Getting a puppy was not something I ever really thought we would do. But then we met his parents and we couldn’t say no. We always had an excuse: Daddy’s allergic, we like to travel, our yard is too small, it’s a lot of work, and on and on we went. But when we were traveling our cousins told us that their very cute, well behaved, amazing Australian Shepherds would be having puppies in the spring, our girls wouldn’t let it go, and we had lots of time on the road to discuss bringing a puppy into our house and how much fun it would be and also how much work it would be. The difference between the puppy’s mom and dad is that they are living on a working cattle ranch, not in the city. But in the end we still said yes, and my husband (crazy as it sounds) drove down to Texas to bring that little guy back to the city for us, and here we are now – literally, he is trying to make a little spot for himself on my lap as I write, my furry toddler (aka Shark Puppy).
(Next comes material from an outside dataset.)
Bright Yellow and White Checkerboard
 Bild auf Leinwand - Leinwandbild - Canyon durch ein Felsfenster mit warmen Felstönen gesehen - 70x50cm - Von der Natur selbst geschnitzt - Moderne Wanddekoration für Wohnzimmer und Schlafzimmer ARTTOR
Yes, he is adorable and sweet but he is also A LOT of work. Not only is he a puppy, but he is a male, Australian Shepherd, which means he is super smart and very energetic – right now he is sweet and calm because we had a 4 mile walk this morning, but when he gets tired on said walk, or just wants to go crazy for whatever reason, my jacket takes the heat.
And this is the part I am trying to figure out. What makes these puppies so crazy? And can I (and my clothes) really make it for the next 2 years this way? Everyone that has had dogs have told me “Puppies are hard,” “Oh he’s a puppy he’ll grow out of it,” “That’s what they do.” I get it, it is hard, but how do other people handle it? Do you let them tear up your coats and just say o’well? Or do you hold their mouth closed and their head down and tell them NO! And hope for the best? That’s what I did, I need to make sure he knows I am in charge and that biting my clothes is not acceptable. I am not hurting him, I am just exerting my power and trying to show him who’s the boss. In the end, the craziness with the coat was probably only 3 minutes out of an hour long walk, so really he was doing pretty good and once I told him who was in charge, he behaved, but I still don’t get why and what happened to make him go bananas.
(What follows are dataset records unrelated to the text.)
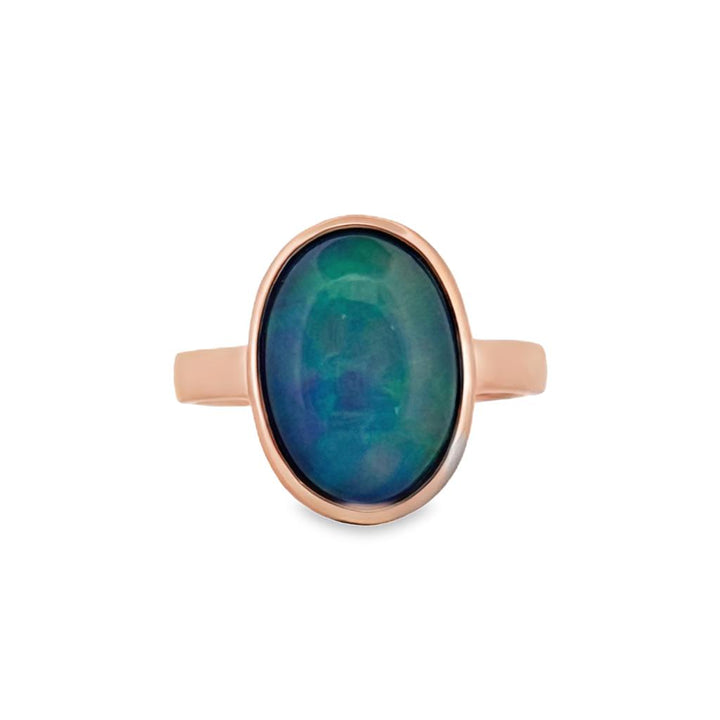 2.79 CT Ethiopian Opal 14K Rose Gold Bezel-Set Oval Ring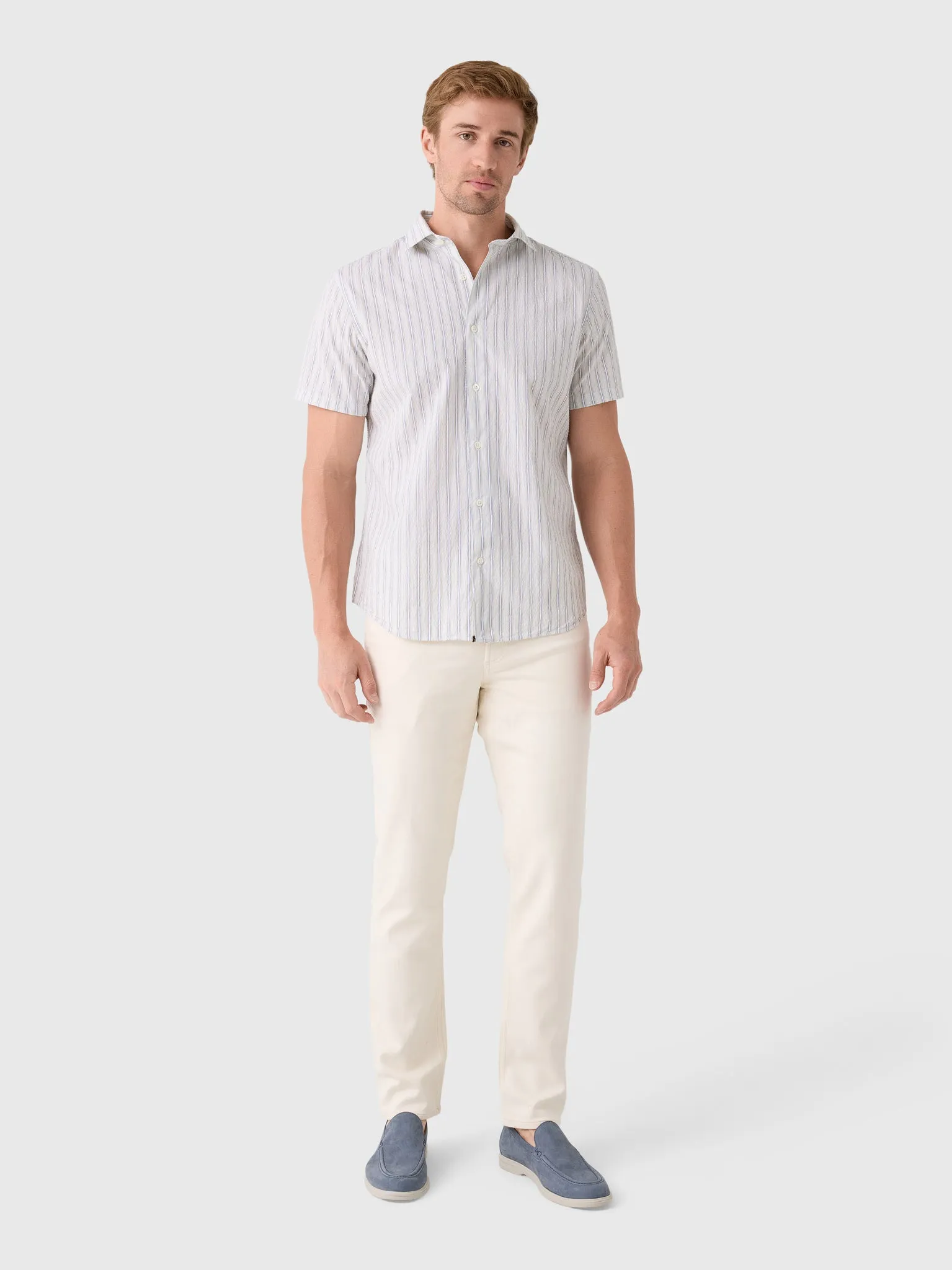 Billy Reid Men's Short Sleeve Seersucker Stripe Hutcheson Sport Shirt sold by Saint Bernard product image thumbnail 2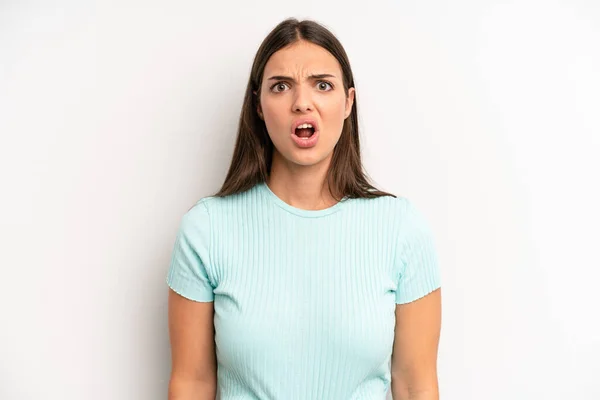 Young Adult Pretty Woman Looking Shocked Angry Annoyed Disappointed Open — Stockfoto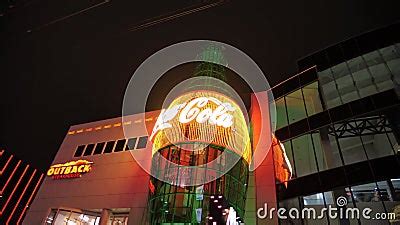 Driving on Las Vegas Strip at Night. Glowing Coca Cola Logo and Bottle on Store Stock Video ...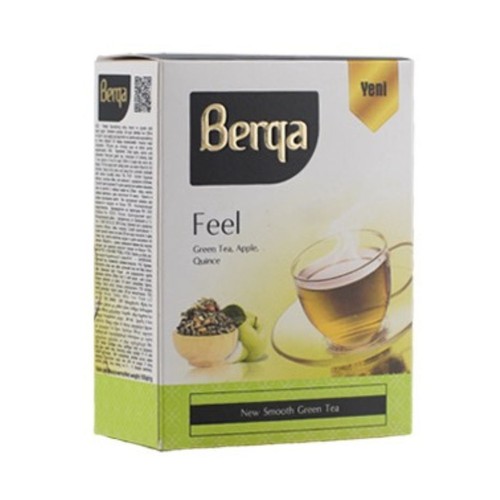 Herbata zielona liściasta z kawałkami suszonego jabłka, pigwy i aromatem truskawki Berqa 100 g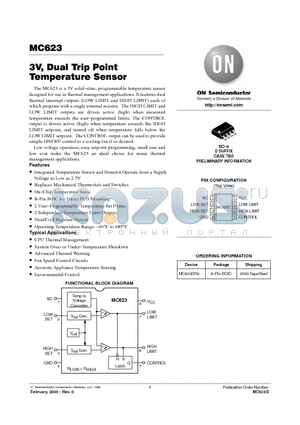 MC623DR2 datasheet - 3V, Dual Trip Point Temperature Sensor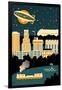 Akron, Ohio - Retro Skyline (no text)-Lantern Press-Framed Art Print
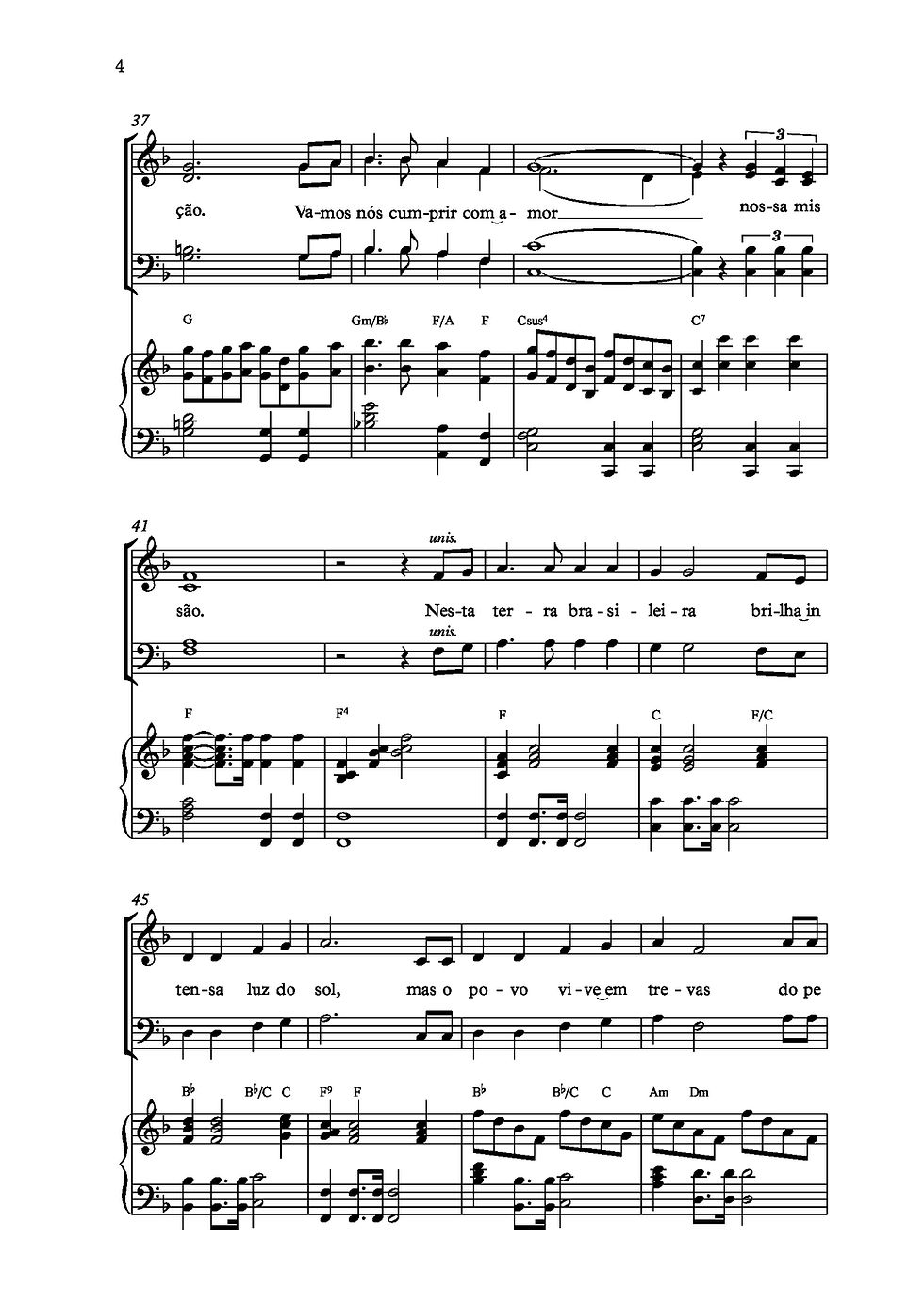 Miniatura: PARTITURA - Esta é a nossa missão (Coro, Piano e Cifra)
We have been taking puppy obedience classes, we go to Sound Animals in Seattle, which has definitely helped us with the basic commands – Come, Stay, Sit, Down, these things we are getting and really these classes are for our whole family to learn the commands the same way so we can keep them simple and consistent for our pup. We have a few more weeks of the basics, but I think we will continue on until he graduates fully. I don’t think extra training can hurt. I also have heard of places where dogs like mine can go and use their natural instinct to herd sheep. We are still a little young for places like Ewe-topia, but this training program, Mighty Mutt, on Vashon Island, sounds like it could be right up our alley for training and letting him get some of his crazy out.
Overall, now that this little guy is in our lives I can’t imagine it any other way. We are excited to get him out and explore all sorts of different things like camping and beaches and parks and running. We knew it would be a big task and we are up for the challenge, we will do what we need to do to make him a good, well behaved dog and I am going to get over my mom/dog guilt when I leave him in the crate to go out to lunch or run errands.
I am curious what other dog/puppy owners think about the first 2-3 years of puppy’s life: Does it get easier? When? How do working families deal with leaving a puppy at home all day? What are other ways to get them to stop mouthing? Do you just give up your yard and assume everything will be destroyed? Anything else that is helpful that has made your dog more relaxed and calm? Bring it on… we are open to any and all suggestions.